Apart from the fact that JP Morgan is well positioned to participate (it has the most number of eligible funds amongst fund managers in Hong Kong), Falcon said the scheme is good for investors in Hong Kong and China. The former has demand for RMB investments and the latter has needs for investment diversification.

“Just the volatility we’re seeing in the last couple of weeks, and today in the Shanghai and Shenzhen market, speaks of the need to develop stronger foundational investment principles, access to products and better ability to manage risk."

Falcon also spoke highly of how the Hong Kong and Chinese regulators have worked together and with the industry in setting a strong foundation for the MRF program, which has gained more traction amongst fund houses compared to the Asean Collective Investment Scheme, which was launched one year ago but has yet to see a single successful fund passported within Singapore, Malaysia or Thailand.
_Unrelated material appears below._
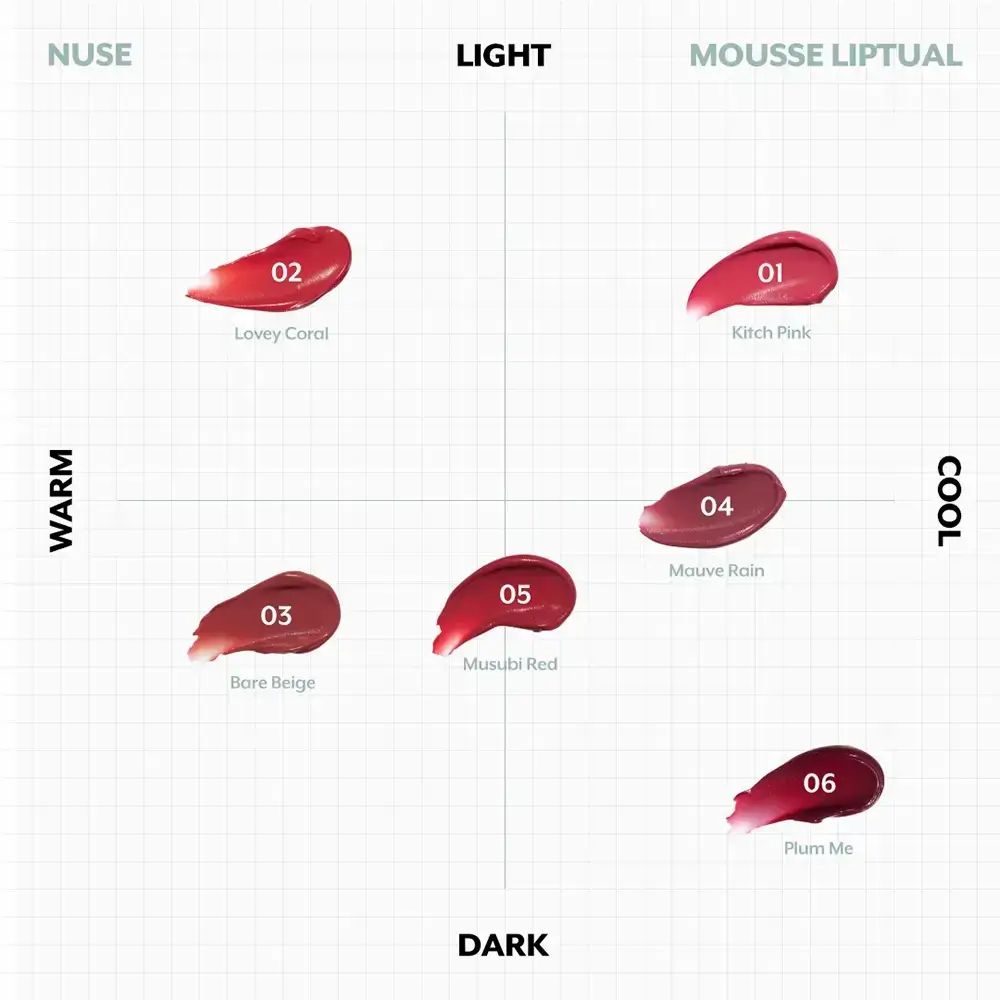 Kleurenpalet met lipstickkleuren. Kleuren: 02 Lovey Coral, 01 Kitch Pink, 03 Bare Beige, 04 Mauve Rain, 05 Musubi Red, 06 Plum Me.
“I think it [MRF] sets an example, hopefully globally but certainly for the region. It starts to put pressure on other markets to do similar things,” Falcon noted.

“I do think this would, in a sense, put pressure on Singapore and Asean to accelerate and expand their collaboration,” he added.

He added that while each country is interested in having a strong domestic investment capability and tight regulations to ensure investors are protected, which needs to be respected, the MRF potentially creates some more urgency at least on a regional basis for more of this type of collaboration.

JPMAM did not participate in the Asean CIS program but is participating in the MRF, which together with its mainland Chinese partner, China Investment Funds Management, has applied three funds to be approved for distribution under the MRF program as reported.